My husband is German and I am American but we speak German at home. We only speak English if we are around my family or our friends who do not speak German. Our baby is only 3 months old at this point but we are concerned that she will be a bit language confused...and my husband is worried that she will pick up incorrect structures from me and that her German will be Americanized. I think she will do fine, but does anyone have any input?
post #16 of 17
We do OPOL with our daughter, but between us we speak a third language. This helps me keep up my language skills and we hope that it will help her pick it up as well. The third language is highly Americanized because of this, though.
post #17 of 17
Quote:
Originally Posted by ekh View Post
My husband is German and I am American but we speak German at home. We only speak English if we are around my family or our friends who do not speak German. Our baby is only 3 months old at this point but we are concerned that she will be a bit language confused...and my husband is worried that she will pick up incorrect structures from me and that her German will be Americanized. I think she will do fine, but does anyone have any input?
I think outside reinforcement is important. Kids will learn what is right from wrong. Maybe you know this, but even as a second langauge speaker, you eventually get a good grasp of what is grammatically right or wrong even if you don't know why. If you speak it this way, but every one else she has ever heard speaks it that way, they will pick up that way. When she is old enough, find a German speaking play group and eventually a German school. Start showing her some kids shows in German. Listen to German music. Go to Germany often. Do what you can.

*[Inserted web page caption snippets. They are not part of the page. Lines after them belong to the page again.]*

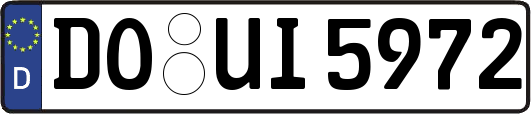 DO-UI5972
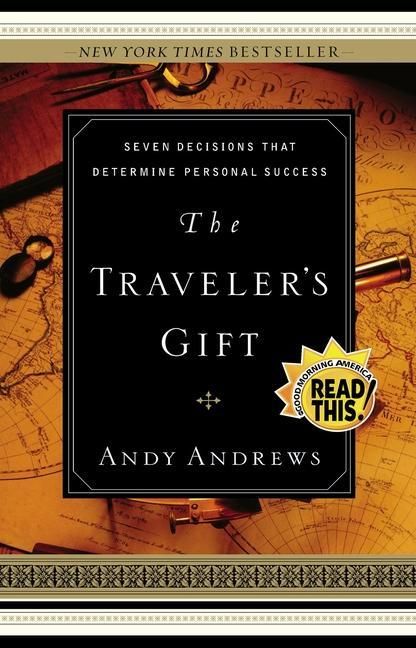 Produktbild: The Traveler's Gift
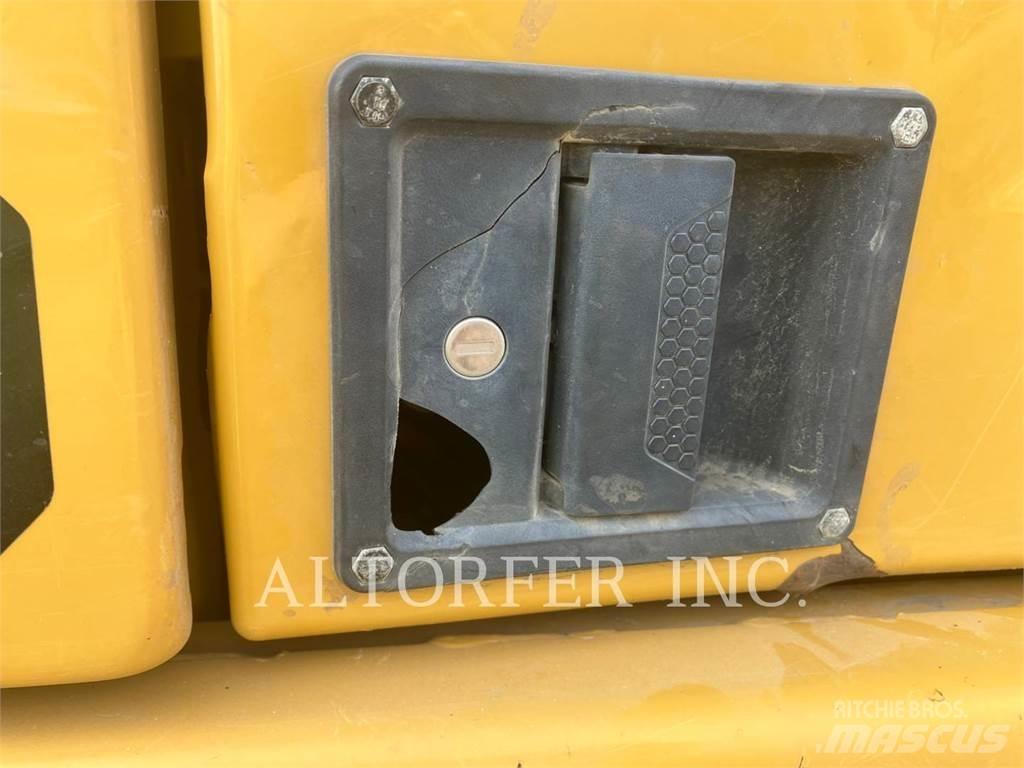 CAT 330-07 Excavadoras de cadenas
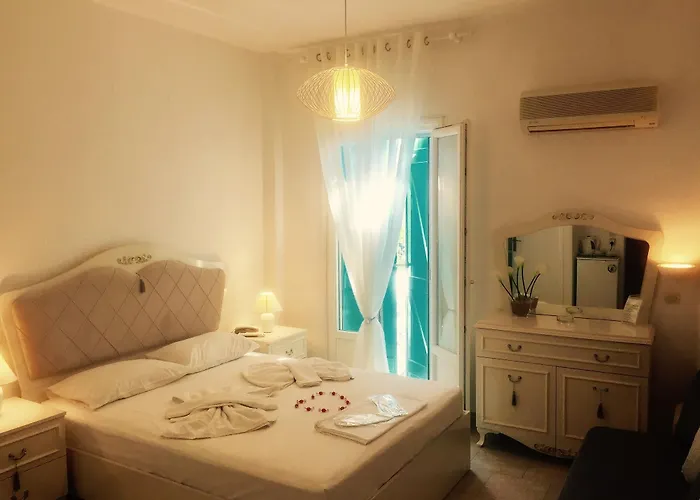 Villa Paros Afrodite Luxury Alikí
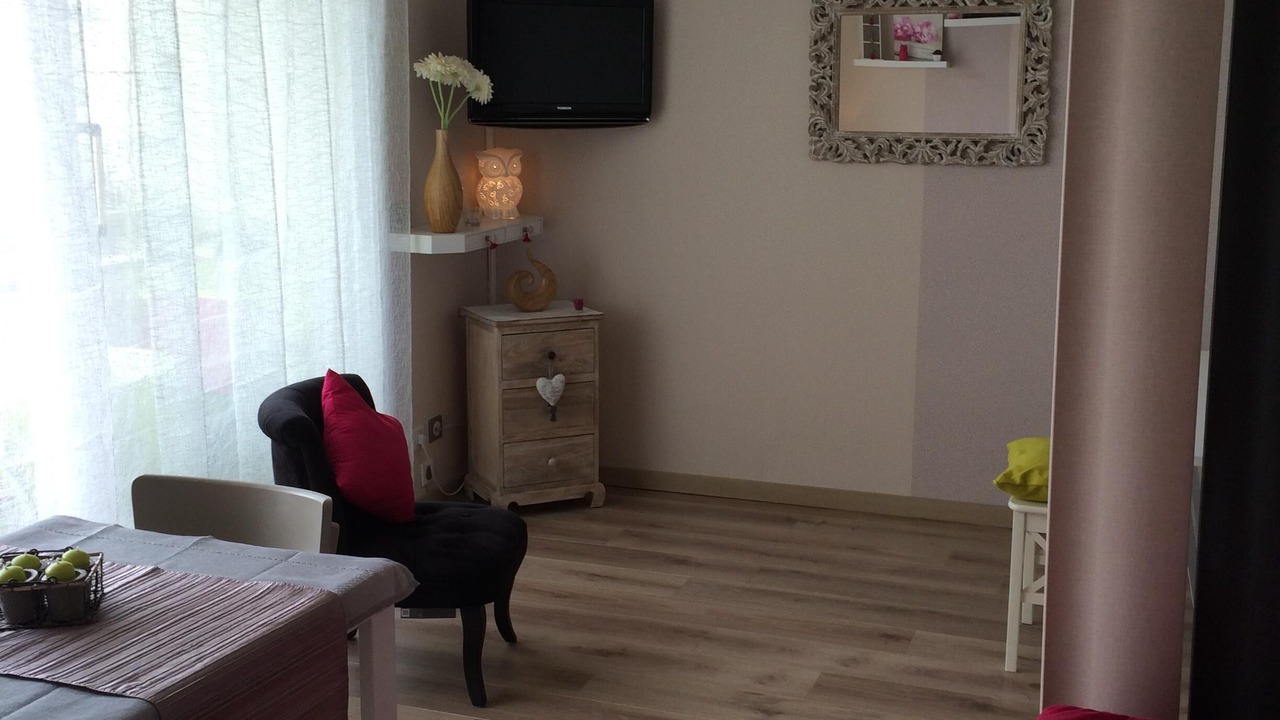 Photo of Livingroom in Faubourg North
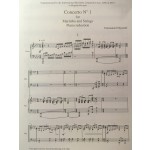 Concerto for Marimba and Strings NEW MOVEMENT by Emmanuel Sejourne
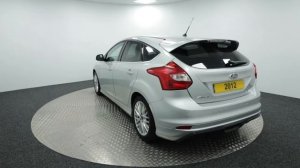 Ford Focus 1 6 TDCi Zetec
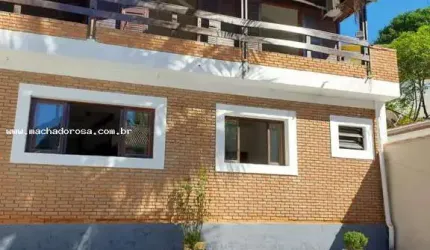 Casa para Venda em São Sebastião, Porto Grande, 6 dormitórios, 2 suítes, 5 banheiros, 6 vagas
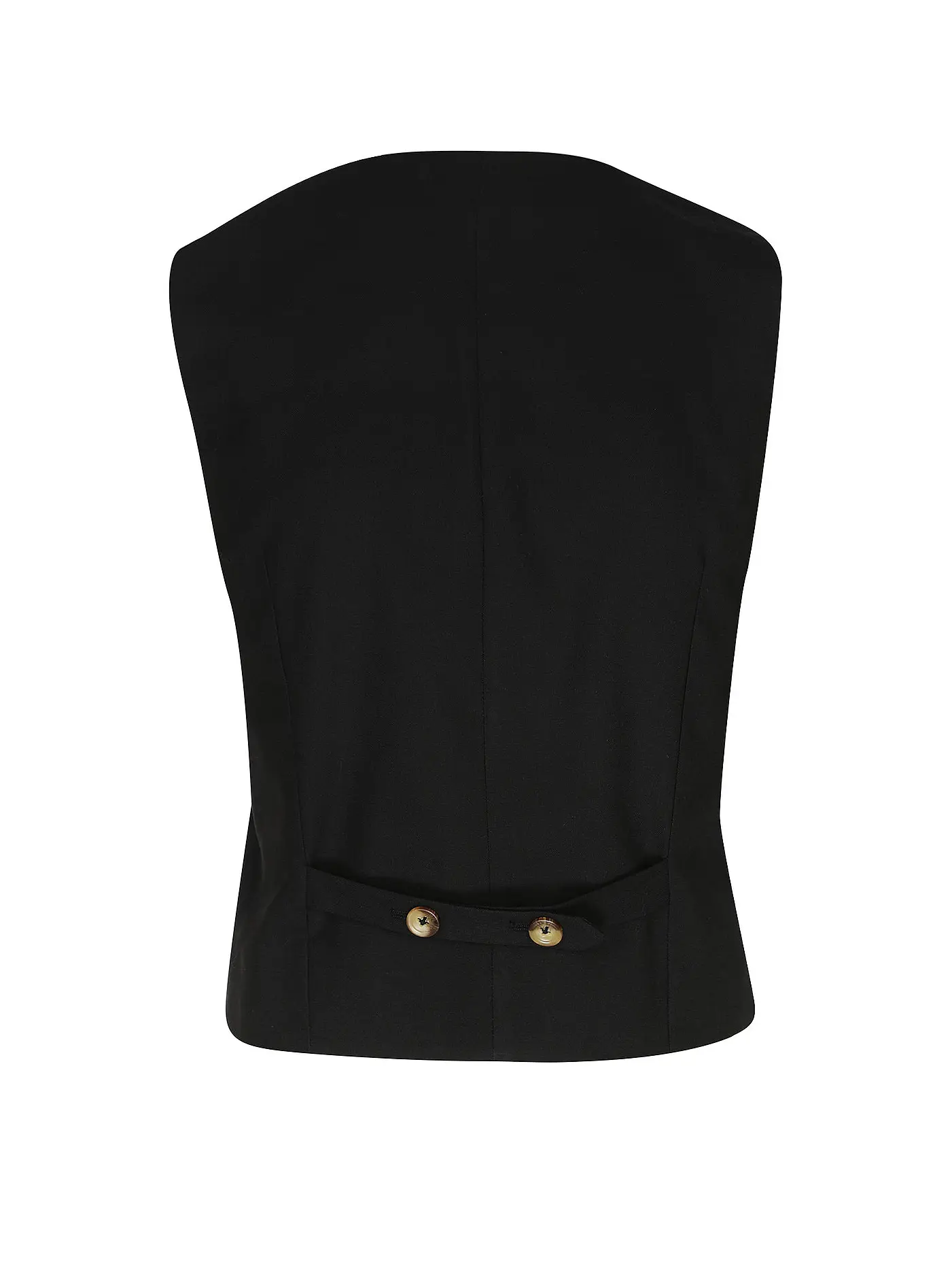 IN WEAR | Weste - Gilet | schwarz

It is funny occasionally because the kids at my daughter's daycare are starting to pick up German from her. One of the 22 month olds there has now learned 'NEIN!' and says it often. My daughter usually says both 'no' and 'nein' together to make sure the point is clear.

I know for myself as a GSL speaker that I try everyday to keep up with it. I watch Tagesschau/Tagesthemen, Spongebob Schwammkopf, try to watch German TV online whenever I can. I speak to my husband and he speaks to me in German some percentage of the time. My in-laws only understand German, so I try to write them at least once a week through ICQ. Most of our conversations last well over an hour. I read news articles in German several times a week. I have some books at home that are in German that I read when I can. We try to go back to Germany at least once a year. We are going there in December for well over a month. All of this shapes my German without me realizing it. I now have a feel for more genders, but I didn't book learn them. I absorbed it without thinking. I sometimes open up my daughter's picture books and my husband and I sit and I point out hundreds objects with their genders just like I was 2 years old and I am really surprised sometimes.

Good luck. I can't wait until my kid starts fighting me about this.